**TO DO**:
Write out all of the records exactly once more and skip the images.

**PROVIDED ENTRIES**:
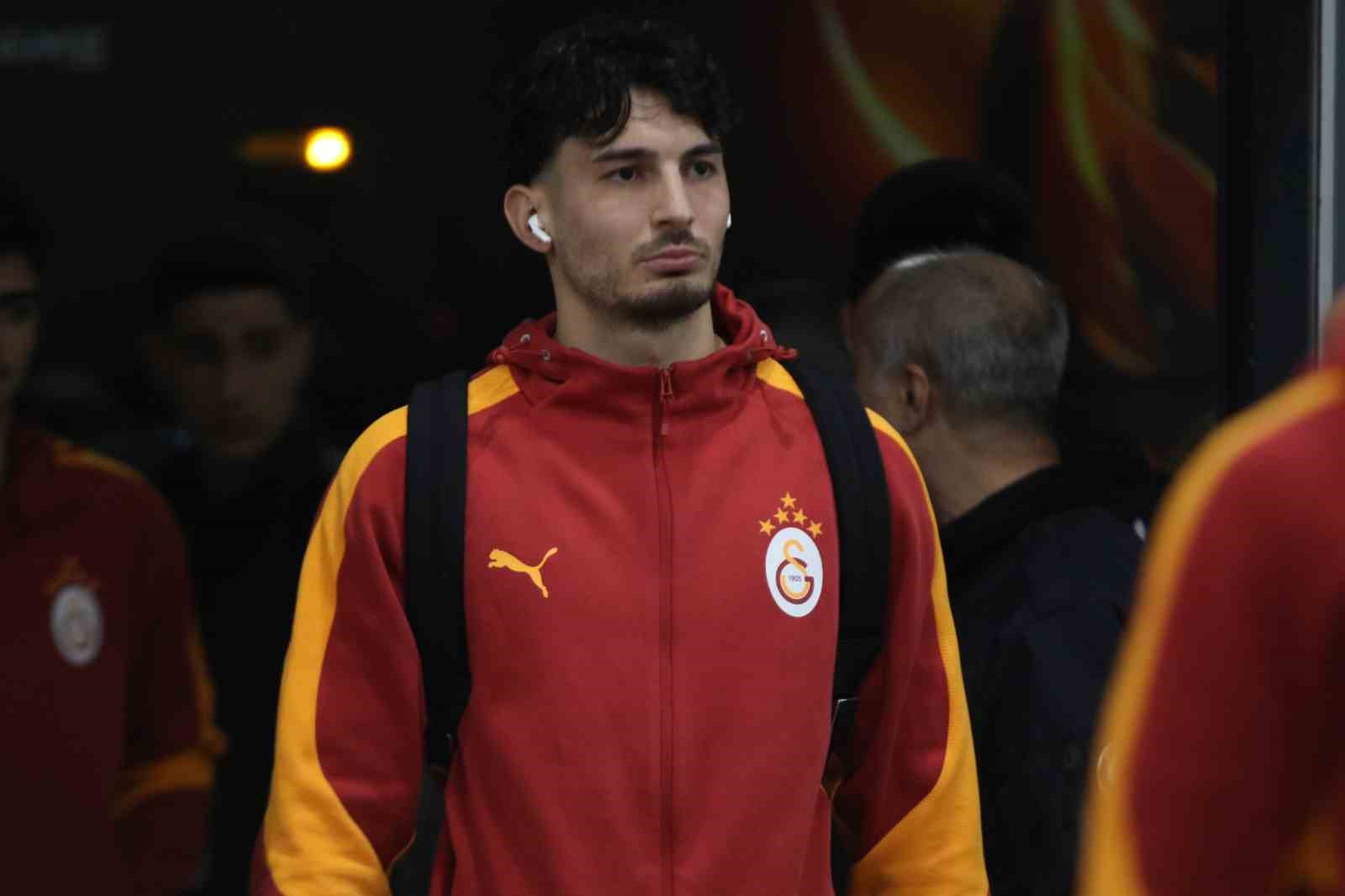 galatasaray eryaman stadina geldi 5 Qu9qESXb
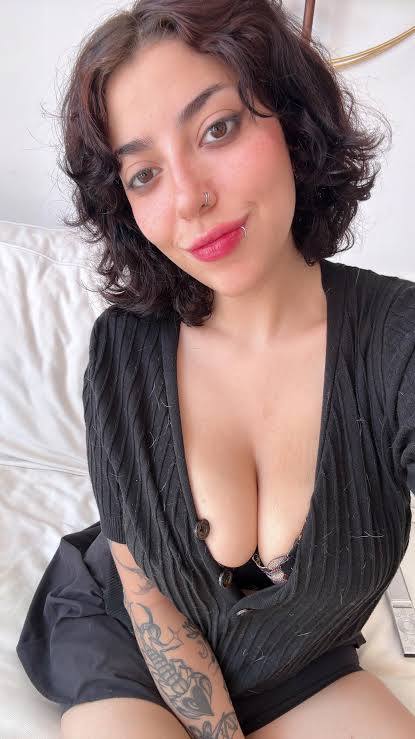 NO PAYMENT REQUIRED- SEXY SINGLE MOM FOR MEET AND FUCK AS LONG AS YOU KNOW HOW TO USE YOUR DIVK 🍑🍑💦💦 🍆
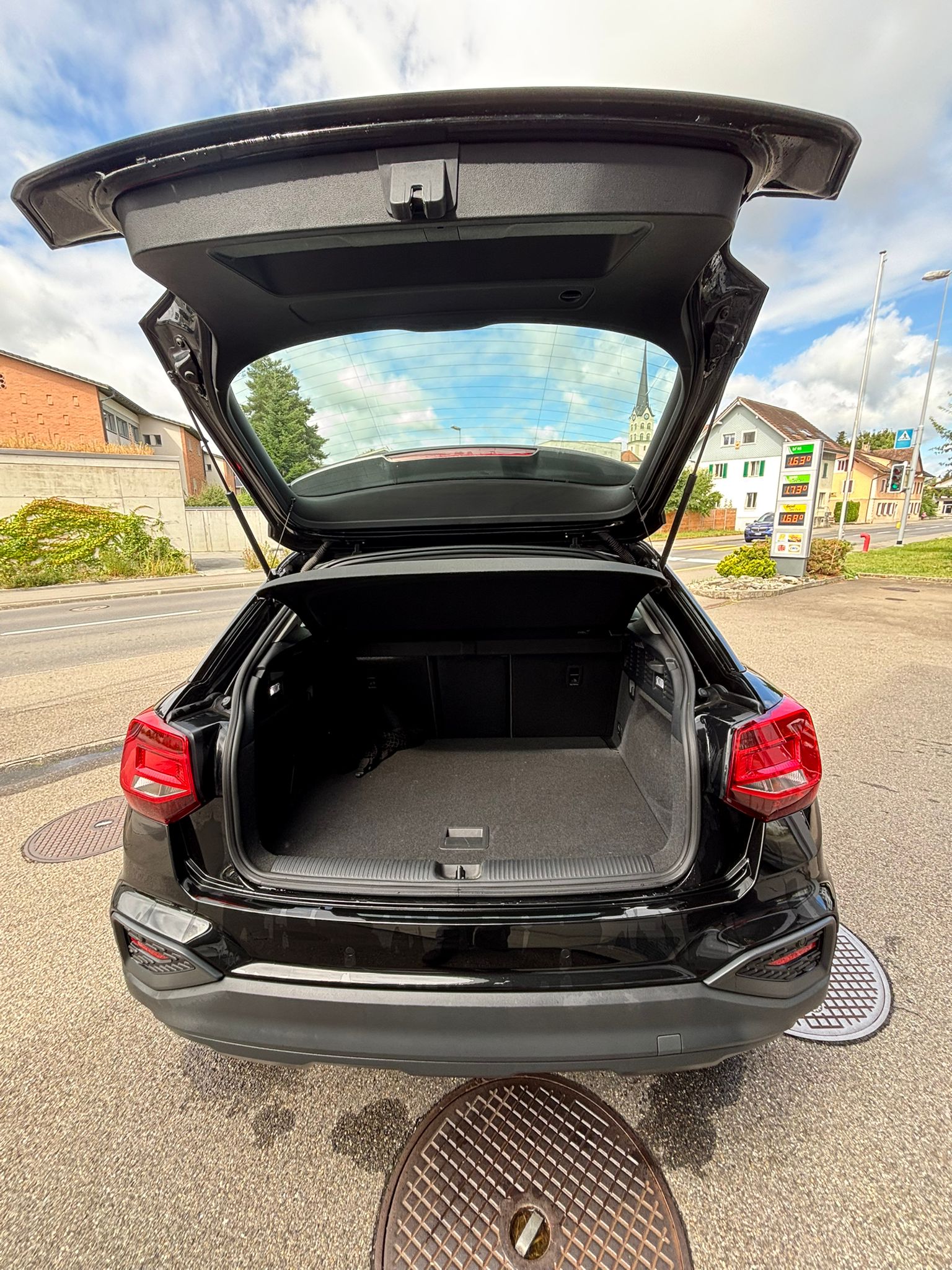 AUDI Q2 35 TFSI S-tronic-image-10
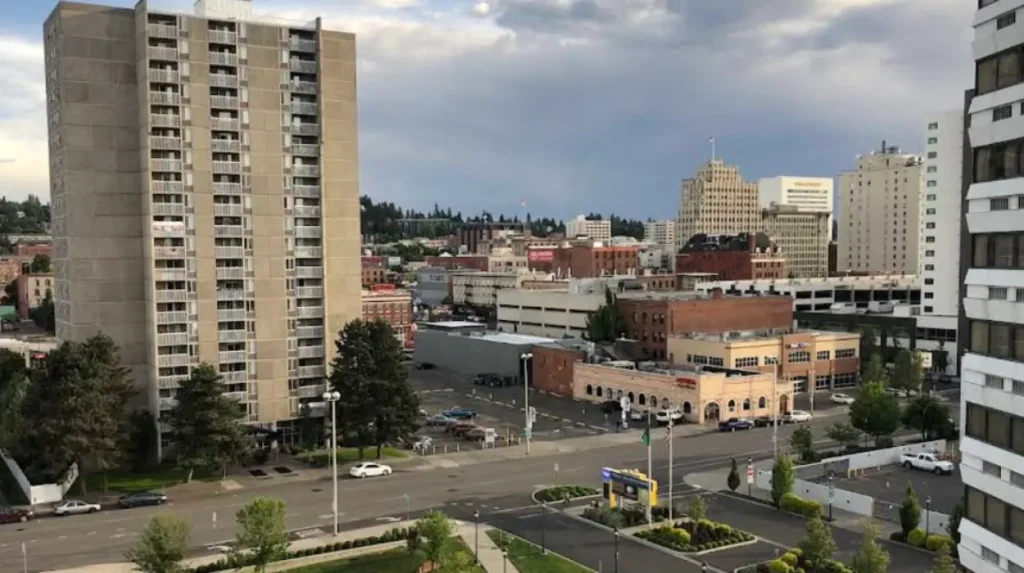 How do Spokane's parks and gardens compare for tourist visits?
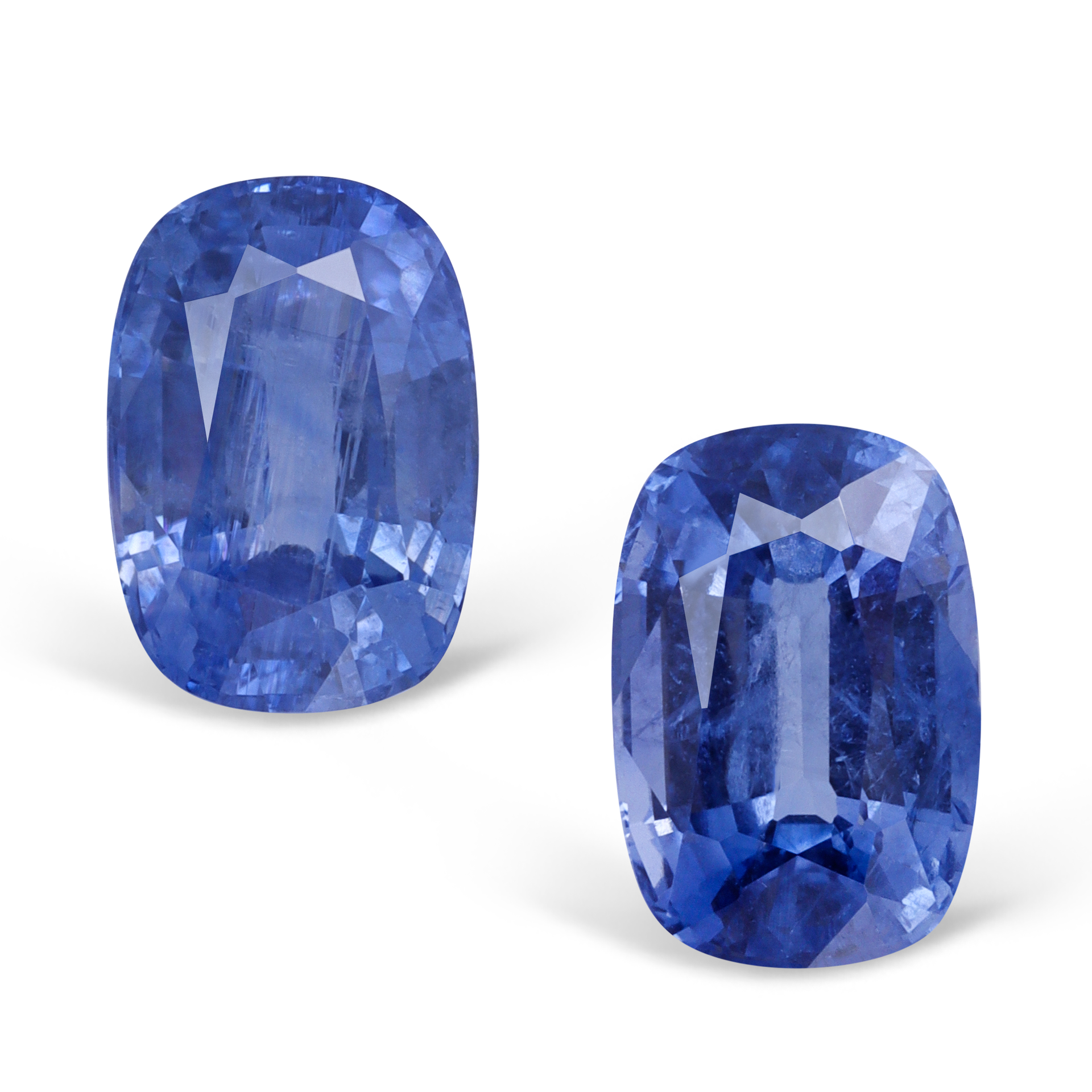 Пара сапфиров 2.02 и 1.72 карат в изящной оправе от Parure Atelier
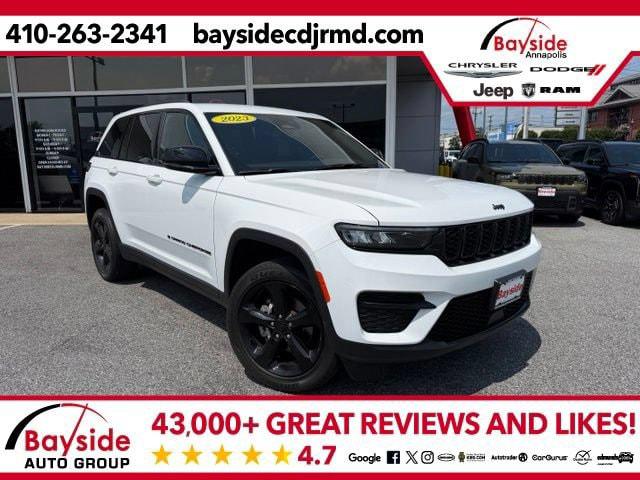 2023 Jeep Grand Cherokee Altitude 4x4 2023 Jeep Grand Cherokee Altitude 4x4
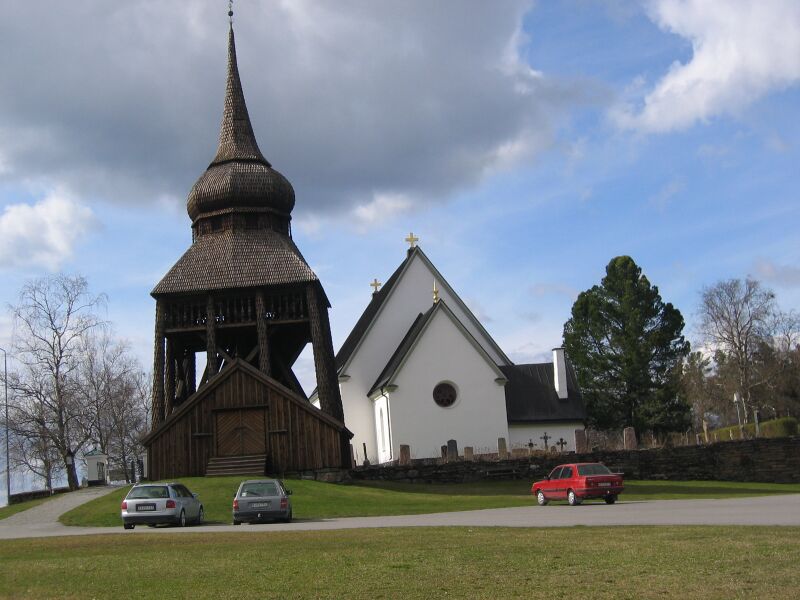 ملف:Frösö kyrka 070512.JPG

**ANSWER SECTION**:
 galatasaray eryaman stadina geldi 5 Qu9qESXb
 NO PAYMENT REQUIRED- SEXY SINGLE MOM FOR MEET AND FUCK AS LONG AS YOU KNOW HOW TO USE YOUR DIVK 🍑🍑💦💦 🍆
 AUDI Q2 35 TFSI S-tronic-image-10
 How do Spokane's parks and gardens compare for tourist visits?
 Пара сапфиров 2.02 и 1.72 карат в изящной оправе от Parure Atelier
 2023 Jeep Grand Cherokee Altitude 4x4 2023 Jeep Grand Cherokee Altitude 4x4
 ملف:Frösö kyrka 070512.JPG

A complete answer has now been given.